Beryl has to be getting up there compared to other hurricanes in the number of tornadoes it produced. Now up to 29 in the Shreveport, LA CWA alone. And cumulatively many others in the Houston, Little Rock, Paducah, and Buffalo CWAs, among others. Not sure what the total is but I would be shocked if it is less than 40, probably more, and there are still surveys ongoing in some areas.
 
I'm curious to know the final count, too. Some tropical systems (and extratropical ones) rack up substantial tornado counts, and others just don't. And there's no simple or pat explanation as to why or why not. (Almost 20 years ago, Ivan set a rather high bar at 118 tornadoes.)
 
The image shows 1-minute, sustained-windspeed estimates of Beryl at landfall in the Windward Islands.

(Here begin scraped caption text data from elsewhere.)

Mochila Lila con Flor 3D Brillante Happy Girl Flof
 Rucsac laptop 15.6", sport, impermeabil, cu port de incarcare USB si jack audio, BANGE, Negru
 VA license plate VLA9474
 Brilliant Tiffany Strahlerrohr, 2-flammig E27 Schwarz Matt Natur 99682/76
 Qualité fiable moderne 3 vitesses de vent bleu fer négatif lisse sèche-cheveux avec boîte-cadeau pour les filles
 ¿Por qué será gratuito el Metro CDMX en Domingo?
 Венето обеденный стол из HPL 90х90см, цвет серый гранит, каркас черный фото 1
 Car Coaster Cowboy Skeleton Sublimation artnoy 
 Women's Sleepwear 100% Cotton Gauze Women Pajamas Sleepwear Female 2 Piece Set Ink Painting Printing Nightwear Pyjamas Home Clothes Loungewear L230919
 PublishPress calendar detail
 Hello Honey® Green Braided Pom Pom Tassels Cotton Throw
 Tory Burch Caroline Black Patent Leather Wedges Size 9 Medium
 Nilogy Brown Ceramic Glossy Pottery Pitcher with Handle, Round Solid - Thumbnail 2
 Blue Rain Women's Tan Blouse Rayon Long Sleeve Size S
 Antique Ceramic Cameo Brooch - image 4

Essentially, we see Hurricane Beryl's "footprint" of maximum winds, and the areal distribution of both hurricane & tropical-storm winds.
The point being something that NHC also realizes...size of these fields matters for wind and surge damage potential, not merely cat-numbers.
From a chasing perspective, such a mindset matters when you're trying to get to the eye wall and get photos of the stadium effect inside. Image.jpg
 
Total for tornadoes from Beryl is now up to 65. Not final number yet. We have to wait about 3 months for the finalized reports from each WFO that get sent to NCEI.

Beryl is the 5th most prolific TC tornado producer on record, with the usual caveats about how detection and documentation of tornadoes in general have become much, much better in just the last 30 years alone.
 
...Beryl's EF-3 tornado in Mt Vernon, IN...
If getting an EF-3 from the remnants of a tropical cyclone seemed a bit surprising, strong, and sort of rare... it was.
From what I can tell, and depending on periods of record, the likelihood looks to be somewhere between < 1 % to about 4%.
NWS Paducah says it set the bar for the strongest, July tornado in their county warning area. A real attention-getter, I'd say.
 
Beryl earned a lot of superlatives. But, let's call this "looks can be deceiving," or "how was Beryl perhaps not so amazing?"
In the Norcross' book about Hurricane Andrew, he mentions 8 miles made huge differences as he assessed wind damages in greater Miami.
So on July 2, Fox posted a visible satellite image of top-ranked Beryl. And they pointed out some common facts, including...
* Hurricane-force winds extended outward 40 miles from the center.* I thought about that.
Look at the apparent size of this storm with winds likely over 150mph. Yet, just 40 miles out from the middle, the winds blew only half as fast.
Forty miles out, tropical-storm strength winds ruled, less than 74mph. (Still, I would have to call that one tightly-clenched fist!)